Advanced nuclear technologies can propel the world toward our climate goals by providing affordable, zero-carbon electricity and heat; supporting the growth of renewable energy sources; and supplying clean energy for water desalination, hydrogen production, and other processes that will be vital in creating a low-carbon economy.
But a picture is worth a thousand words. Despite the huge impact advanced reactors could have on climate efforts when they start hitting the market in less than a decade, we have few images to help us understand where and how they’ll fit into our communities.
That’s why Third Way partnered with the distinguished sustainable design team in Gensler’s Washington, DC office to visually tell the story of advanced nuclear and put its potential into perspective. These architectural sketches and renderings explain the important roles that advanced reactors will play in a variety of energy systems. And the innovative designs of new reactors allowed us to show nuclear energy integrated into communities like never before.
Advanced nuclear is on the horizon. Now, we have a better sense of what we can look forward to.
We encourage reuse of these images with attribution. You can download them here. Connect with others using the hashtag #NuclearReimagined.
“Remote Arctic Community” scenario:
As mayor of one of the 200 Alaskan communities with no connection to a power grid or natural gas pipeline, you understand how your way of life depends on shipments of fossil fuels to run your generators and heat your buildings. Your town pays dearly for it, too. With electricity prices up to 16 times higher than the U.S. average, energy costs can gobble up half the income of poorer households. You’re probably also worried about what you’d do if fuel supplies run low during a long winter and how many weeks you might have to wait for iced-over shipping routes to reopen before you could restock. Then there’s the health concern posed by dirty diesel fumes, not to mention the climate damages like sea level rise, erosion, and changes in wildlife migration that fossil fuel use is already inflicting in your part of the world.

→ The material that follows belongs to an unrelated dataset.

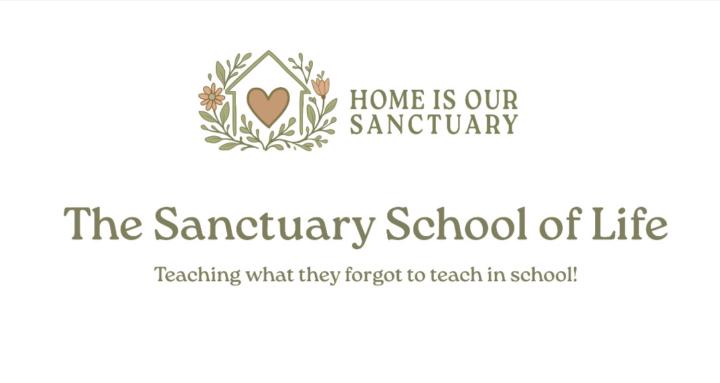 The Sanctuary School of Life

Arctic communities like this one are beginning to explore advanced nuclear reactors as a solution to their unique energy challenges. Some of the reactors currently in development are under two megawatts in size—small enough to fit the needs of a remote town with less than 1,000 residents. Instead of using inefficient diesel generators, these “micro reactors” could be connected to a community grid and provide emissions-free power at a fraction of the cost. Many advanced reactor designs also produce heat and steam that could be used in homes and public buildings, and they could even support new industries like agriculture or food processing. And because they can operate for years before they need to be refueled, advanced reactors would allow isolated communities to be more self-sustaining and less reliant on each shipment of fossil fuels.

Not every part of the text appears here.